▶ [PROBLEM DETAILS]
Only the pictures should be left out; write out all other data exactly.

▶ [STORED DATA]
%%

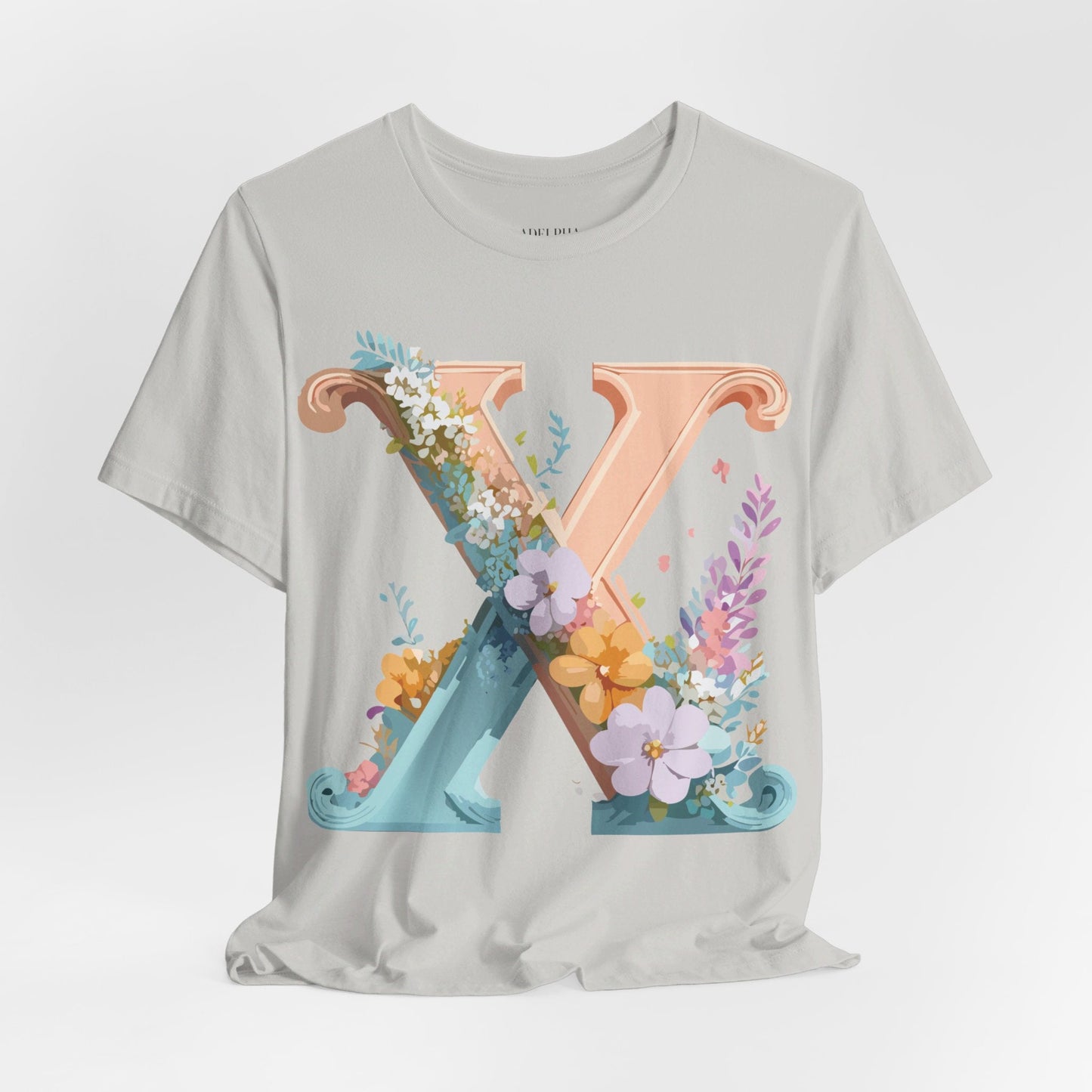 Letter X Shirt Unisex Jersey Graphic Tee By Adelpha With Vintage Inspired Artwork Short Sleeve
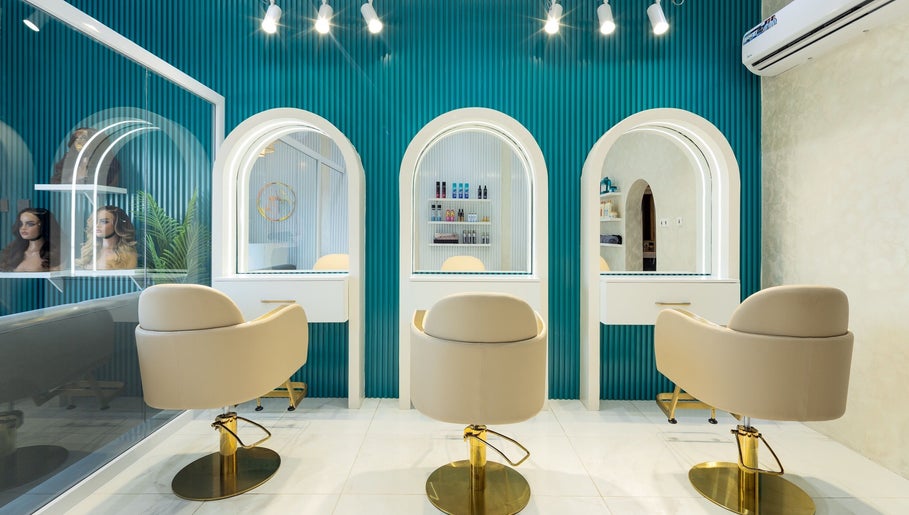 Adem Only salon interior with stylish chairs and mirrors in Tesano, Greater Accra Region, GH.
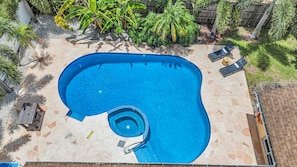Outdoor pool, a heated pool - Spacious Palm Paradise Retreat -Heated Pool East Delray - Near The Beach- 4/3 (Delray Beach)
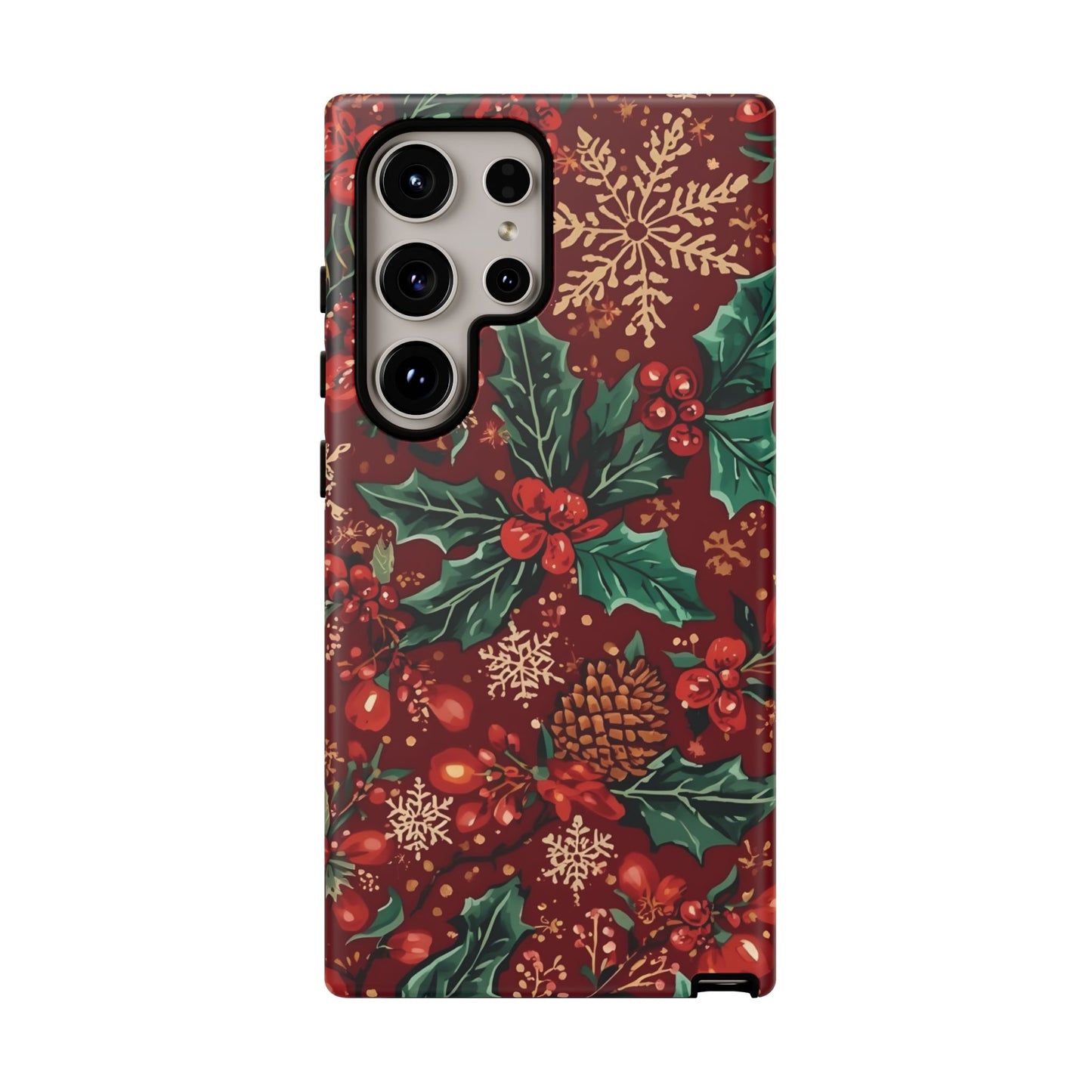 Christmas Floral Phone Case, Dual Layer Case for Iphone 17, 16, 15, 14, 13, 12, 11 & Samsung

%%

▶ [SOLUTION TO THIS PROBLEM]
 Letter X Shirt Unisex Jersey Graphic Tee By Adelpha With Vintage Inspired Artwork Short Sleeve
 Adem Only salon interior with stylish chairs and mirrors in Tesano, Greater Accra Region, GH.
Outdoor pool, a heated pool - Spacious Palm Paradise Retreat -Heated Pool East Delray - Near The Beach- 4/3 (Delray Beach)
 Christmas Floral Phone Case, Dual Layer Case for Iphone 17, 16, 15, 14, 13, 12, 11 & Samsung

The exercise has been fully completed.